[Brief descriptive captions]

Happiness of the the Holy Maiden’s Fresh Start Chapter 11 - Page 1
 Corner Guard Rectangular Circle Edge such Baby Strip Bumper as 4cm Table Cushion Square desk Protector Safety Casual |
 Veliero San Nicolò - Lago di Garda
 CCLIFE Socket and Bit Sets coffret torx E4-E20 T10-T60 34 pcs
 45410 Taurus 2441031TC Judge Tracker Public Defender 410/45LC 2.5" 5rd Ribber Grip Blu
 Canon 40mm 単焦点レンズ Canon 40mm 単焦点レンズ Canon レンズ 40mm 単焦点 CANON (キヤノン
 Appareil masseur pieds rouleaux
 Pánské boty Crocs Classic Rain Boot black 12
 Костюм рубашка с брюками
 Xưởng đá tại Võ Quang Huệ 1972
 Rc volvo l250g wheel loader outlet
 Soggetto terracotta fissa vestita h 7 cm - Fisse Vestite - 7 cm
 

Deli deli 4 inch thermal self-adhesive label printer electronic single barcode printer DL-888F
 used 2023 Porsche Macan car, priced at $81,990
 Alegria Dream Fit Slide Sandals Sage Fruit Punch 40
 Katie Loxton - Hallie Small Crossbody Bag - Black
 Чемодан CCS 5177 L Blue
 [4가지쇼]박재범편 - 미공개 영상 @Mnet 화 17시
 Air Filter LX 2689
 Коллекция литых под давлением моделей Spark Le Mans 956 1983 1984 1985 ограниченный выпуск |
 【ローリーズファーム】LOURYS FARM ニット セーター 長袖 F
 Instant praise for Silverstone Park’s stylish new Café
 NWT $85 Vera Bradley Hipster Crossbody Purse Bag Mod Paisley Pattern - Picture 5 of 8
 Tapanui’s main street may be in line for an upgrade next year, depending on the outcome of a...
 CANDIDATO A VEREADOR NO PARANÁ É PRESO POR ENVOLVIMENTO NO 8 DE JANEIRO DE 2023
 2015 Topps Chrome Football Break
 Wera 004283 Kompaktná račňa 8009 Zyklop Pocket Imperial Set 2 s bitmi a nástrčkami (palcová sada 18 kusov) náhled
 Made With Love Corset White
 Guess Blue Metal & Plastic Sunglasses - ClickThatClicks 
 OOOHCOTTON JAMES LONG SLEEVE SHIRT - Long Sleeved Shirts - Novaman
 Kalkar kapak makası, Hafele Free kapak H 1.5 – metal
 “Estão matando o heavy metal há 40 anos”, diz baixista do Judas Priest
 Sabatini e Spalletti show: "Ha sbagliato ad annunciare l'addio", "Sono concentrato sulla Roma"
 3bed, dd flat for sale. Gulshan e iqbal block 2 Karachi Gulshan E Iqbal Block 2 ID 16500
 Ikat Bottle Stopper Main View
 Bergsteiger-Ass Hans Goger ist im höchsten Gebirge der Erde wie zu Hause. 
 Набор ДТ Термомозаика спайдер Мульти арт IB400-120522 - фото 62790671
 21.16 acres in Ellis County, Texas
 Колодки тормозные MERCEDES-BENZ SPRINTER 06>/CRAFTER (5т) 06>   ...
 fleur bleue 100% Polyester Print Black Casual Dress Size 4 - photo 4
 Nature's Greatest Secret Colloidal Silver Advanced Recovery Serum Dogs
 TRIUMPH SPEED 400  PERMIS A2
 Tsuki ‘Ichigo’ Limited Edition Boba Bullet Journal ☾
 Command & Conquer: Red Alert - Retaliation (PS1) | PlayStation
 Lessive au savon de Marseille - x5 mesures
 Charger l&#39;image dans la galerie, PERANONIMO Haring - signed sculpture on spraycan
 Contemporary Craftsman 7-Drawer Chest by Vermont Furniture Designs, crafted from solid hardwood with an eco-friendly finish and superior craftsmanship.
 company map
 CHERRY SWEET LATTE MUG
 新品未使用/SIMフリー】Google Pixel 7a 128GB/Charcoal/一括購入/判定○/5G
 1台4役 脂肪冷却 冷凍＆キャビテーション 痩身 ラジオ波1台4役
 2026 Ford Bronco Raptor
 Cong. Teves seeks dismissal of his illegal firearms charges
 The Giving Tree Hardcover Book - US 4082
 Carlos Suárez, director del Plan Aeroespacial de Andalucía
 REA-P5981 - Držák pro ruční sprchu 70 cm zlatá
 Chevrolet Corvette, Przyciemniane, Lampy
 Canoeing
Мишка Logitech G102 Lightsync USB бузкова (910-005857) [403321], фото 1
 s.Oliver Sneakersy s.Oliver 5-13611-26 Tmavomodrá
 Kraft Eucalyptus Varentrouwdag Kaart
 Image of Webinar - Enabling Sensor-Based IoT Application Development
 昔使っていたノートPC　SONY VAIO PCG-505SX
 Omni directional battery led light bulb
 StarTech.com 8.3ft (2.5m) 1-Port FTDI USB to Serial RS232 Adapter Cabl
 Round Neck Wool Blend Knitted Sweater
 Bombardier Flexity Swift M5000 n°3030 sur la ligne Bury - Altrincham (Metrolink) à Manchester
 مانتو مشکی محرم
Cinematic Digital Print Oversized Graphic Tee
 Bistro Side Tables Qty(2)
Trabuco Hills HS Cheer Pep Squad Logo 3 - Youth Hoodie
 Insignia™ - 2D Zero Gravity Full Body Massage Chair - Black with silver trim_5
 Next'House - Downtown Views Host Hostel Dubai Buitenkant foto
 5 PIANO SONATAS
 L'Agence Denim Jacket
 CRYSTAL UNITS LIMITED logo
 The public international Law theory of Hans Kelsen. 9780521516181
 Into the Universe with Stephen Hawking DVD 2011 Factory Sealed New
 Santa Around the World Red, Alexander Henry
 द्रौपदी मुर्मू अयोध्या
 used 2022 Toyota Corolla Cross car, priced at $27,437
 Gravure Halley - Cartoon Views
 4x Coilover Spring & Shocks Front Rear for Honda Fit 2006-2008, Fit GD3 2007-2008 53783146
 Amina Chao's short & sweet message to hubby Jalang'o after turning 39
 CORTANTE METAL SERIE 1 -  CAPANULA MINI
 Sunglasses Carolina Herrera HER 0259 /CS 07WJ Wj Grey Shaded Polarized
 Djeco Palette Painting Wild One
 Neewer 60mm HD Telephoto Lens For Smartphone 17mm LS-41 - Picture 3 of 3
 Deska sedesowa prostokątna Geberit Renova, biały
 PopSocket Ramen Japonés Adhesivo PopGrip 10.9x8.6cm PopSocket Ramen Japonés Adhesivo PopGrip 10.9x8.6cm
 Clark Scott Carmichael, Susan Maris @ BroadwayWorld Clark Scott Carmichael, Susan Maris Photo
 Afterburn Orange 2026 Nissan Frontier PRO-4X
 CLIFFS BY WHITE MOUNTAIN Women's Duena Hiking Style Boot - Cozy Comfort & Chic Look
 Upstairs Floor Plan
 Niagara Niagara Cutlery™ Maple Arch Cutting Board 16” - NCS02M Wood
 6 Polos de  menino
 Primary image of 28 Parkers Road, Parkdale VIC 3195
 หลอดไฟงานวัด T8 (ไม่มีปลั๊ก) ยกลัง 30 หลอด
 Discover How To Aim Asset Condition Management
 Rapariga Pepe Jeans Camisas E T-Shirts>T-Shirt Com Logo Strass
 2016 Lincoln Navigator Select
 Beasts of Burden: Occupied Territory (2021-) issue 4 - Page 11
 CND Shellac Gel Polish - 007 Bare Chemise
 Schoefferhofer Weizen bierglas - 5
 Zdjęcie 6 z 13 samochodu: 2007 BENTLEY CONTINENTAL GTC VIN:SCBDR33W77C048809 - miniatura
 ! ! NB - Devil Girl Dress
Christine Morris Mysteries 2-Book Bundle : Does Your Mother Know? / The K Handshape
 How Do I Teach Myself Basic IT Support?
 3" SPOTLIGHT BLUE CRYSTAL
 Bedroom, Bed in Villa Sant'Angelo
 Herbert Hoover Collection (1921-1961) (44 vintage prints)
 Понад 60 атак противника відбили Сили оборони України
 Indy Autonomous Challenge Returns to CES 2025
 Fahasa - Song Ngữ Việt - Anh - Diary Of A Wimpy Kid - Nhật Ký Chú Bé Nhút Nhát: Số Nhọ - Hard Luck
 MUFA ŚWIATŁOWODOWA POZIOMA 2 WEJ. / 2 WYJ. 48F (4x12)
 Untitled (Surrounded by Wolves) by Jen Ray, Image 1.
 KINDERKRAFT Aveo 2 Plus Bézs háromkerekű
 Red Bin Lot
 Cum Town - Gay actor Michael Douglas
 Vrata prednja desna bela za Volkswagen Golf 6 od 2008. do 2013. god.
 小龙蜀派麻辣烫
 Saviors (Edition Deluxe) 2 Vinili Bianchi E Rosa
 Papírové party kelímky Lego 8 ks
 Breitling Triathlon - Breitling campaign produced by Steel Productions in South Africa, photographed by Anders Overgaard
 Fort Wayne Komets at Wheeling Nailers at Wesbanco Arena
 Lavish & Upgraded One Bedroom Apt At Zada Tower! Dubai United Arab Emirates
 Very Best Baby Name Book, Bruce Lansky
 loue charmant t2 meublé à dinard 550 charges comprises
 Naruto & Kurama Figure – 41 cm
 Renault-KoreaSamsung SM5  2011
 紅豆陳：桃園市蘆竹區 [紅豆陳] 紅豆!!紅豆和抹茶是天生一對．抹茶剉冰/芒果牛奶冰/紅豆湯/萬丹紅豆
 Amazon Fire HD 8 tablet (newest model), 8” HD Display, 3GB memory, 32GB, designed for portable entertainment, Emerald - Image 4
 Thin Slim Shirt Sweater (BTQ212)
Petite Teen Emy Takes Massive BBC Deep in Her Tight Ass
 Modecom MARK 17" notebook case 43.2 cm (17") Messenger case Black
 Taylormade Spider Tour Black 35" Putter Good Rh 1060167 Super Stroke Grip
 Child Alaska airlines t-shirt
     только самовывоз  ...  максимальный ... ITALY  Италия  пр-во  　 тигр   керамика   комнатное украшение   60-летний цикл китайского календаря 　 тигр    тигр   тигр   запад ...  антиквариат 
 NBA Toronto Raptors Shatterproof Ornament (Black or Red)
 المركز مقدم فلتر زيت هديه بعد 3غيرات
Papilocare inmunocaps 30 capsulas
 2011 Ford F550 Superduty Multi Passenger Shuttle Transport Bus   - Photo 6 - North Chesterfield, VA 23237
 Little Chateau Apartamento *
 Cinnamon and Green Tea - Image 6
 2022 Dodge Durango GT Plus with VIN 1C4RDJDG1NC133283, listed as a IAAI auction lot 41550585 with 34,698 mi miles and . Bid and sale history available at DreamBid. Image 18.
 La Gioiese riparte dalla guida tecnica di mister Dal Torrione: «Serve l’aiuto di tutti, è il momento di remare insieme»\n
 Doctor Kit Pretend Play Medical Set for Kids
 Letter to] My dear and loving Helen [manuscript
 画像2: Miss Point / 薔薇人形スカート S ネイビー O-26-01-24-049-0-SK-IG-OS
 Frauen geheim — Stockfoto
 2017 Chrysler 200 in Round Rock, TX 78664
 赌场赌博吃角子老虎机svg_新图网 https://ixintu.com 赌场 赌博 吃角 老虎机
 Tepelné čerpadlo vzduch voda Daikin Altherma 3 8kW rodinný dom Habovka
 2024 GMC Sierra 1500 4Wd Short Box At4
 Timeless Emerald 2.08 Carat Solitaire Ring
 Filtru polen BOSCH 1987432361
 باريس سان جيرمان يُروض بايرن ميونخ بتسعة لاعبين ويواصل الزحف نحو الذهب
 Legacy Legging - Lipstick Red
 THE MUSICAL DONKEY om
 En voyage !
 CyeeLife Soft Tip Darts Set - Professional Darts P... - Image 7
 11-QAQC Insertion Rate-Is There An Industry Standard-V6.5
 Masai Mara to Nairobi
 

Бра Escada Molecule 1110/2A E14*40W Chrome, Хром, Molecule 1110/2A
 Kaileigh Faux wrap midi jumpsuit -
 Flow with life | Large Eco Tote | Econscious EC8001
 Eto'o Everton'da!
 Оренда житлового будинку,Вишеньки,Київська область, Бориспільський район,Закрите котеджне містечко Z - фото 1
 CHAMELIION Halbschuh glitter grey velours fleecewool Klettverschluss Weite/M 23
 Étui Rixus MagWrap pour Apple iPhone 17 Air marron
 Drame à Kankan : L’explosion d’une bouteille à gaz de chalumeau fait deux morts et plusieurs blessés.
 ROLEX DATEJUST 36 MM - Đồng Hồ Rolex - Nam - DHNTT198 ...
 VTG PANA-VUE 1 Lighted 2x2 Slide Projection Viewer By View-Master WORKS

**REQUIRED ACTION**. What must be returned is only the number of lines in the records that hold the word "Plan".

**SOLUTION TO THIS EXERCISE**. 2